MATERIAL PROVIDED ::

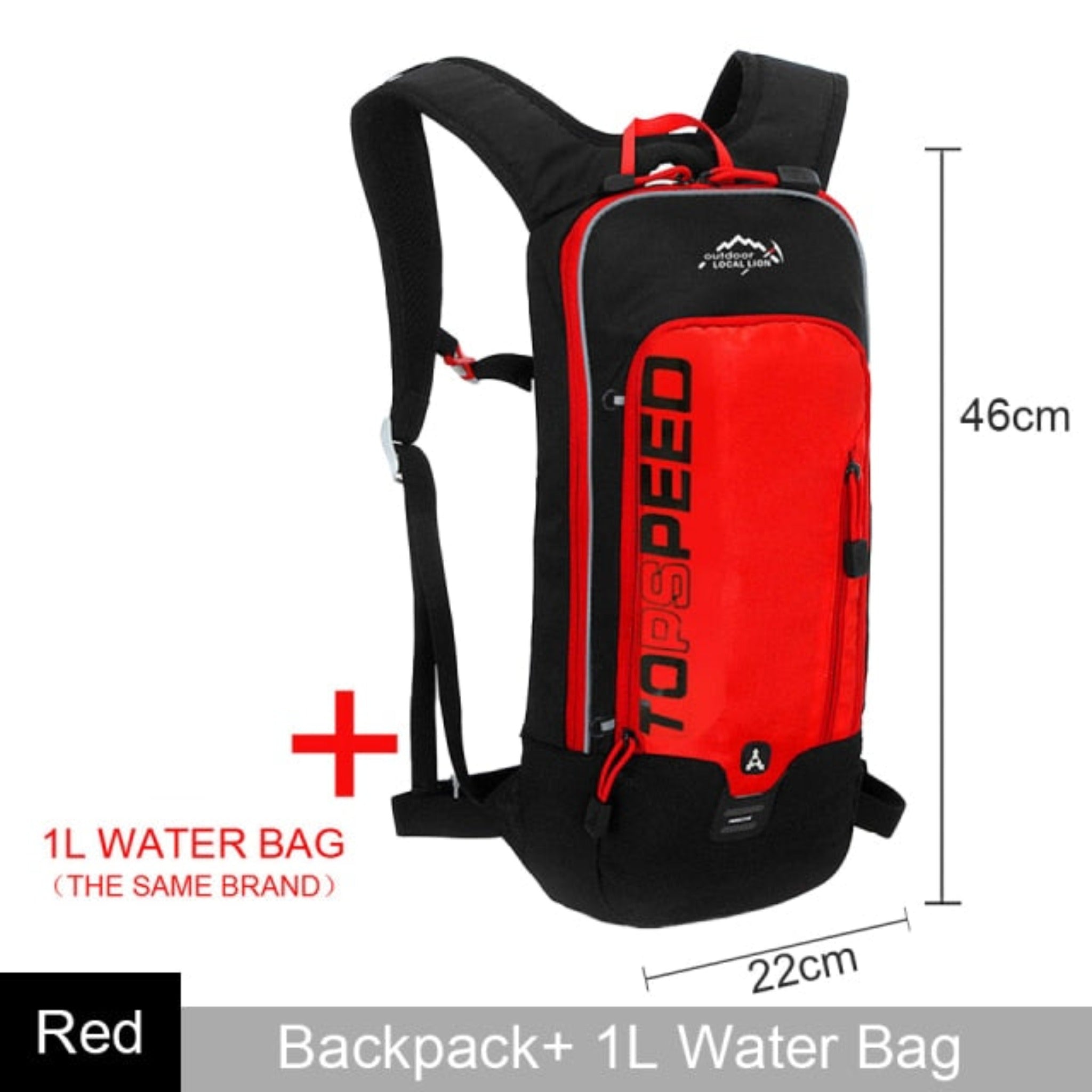 red and black backpack with white background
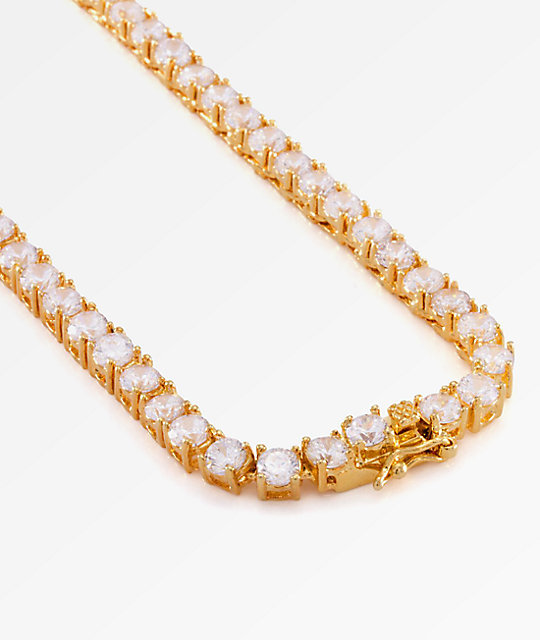 King Ice 5mm Gold Tennis Chain Necklace Zumiez.ca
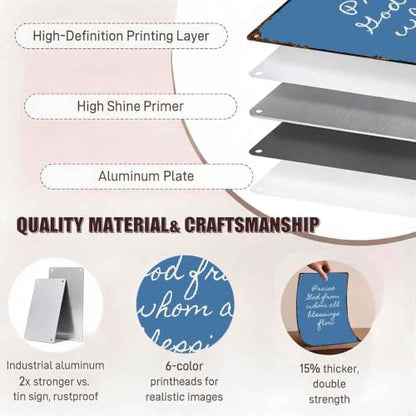 Christian Blessing Quote Farmhouse Aluminum Metal Sign 8 x 12 Inch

WORK REQUIRED ::
Skip the pictures and copy exactly the lines from the one containing "King Ice 5mm" through the end of the material, both ends included.

RESPONSE TO THIS TASK ::
 King Ice 5mm Gold Tennis Chain Necklace Zumiez.ca
 Christian Blessing Quote Farmhouse Aluminum Metal Sign 8 x 12 Inch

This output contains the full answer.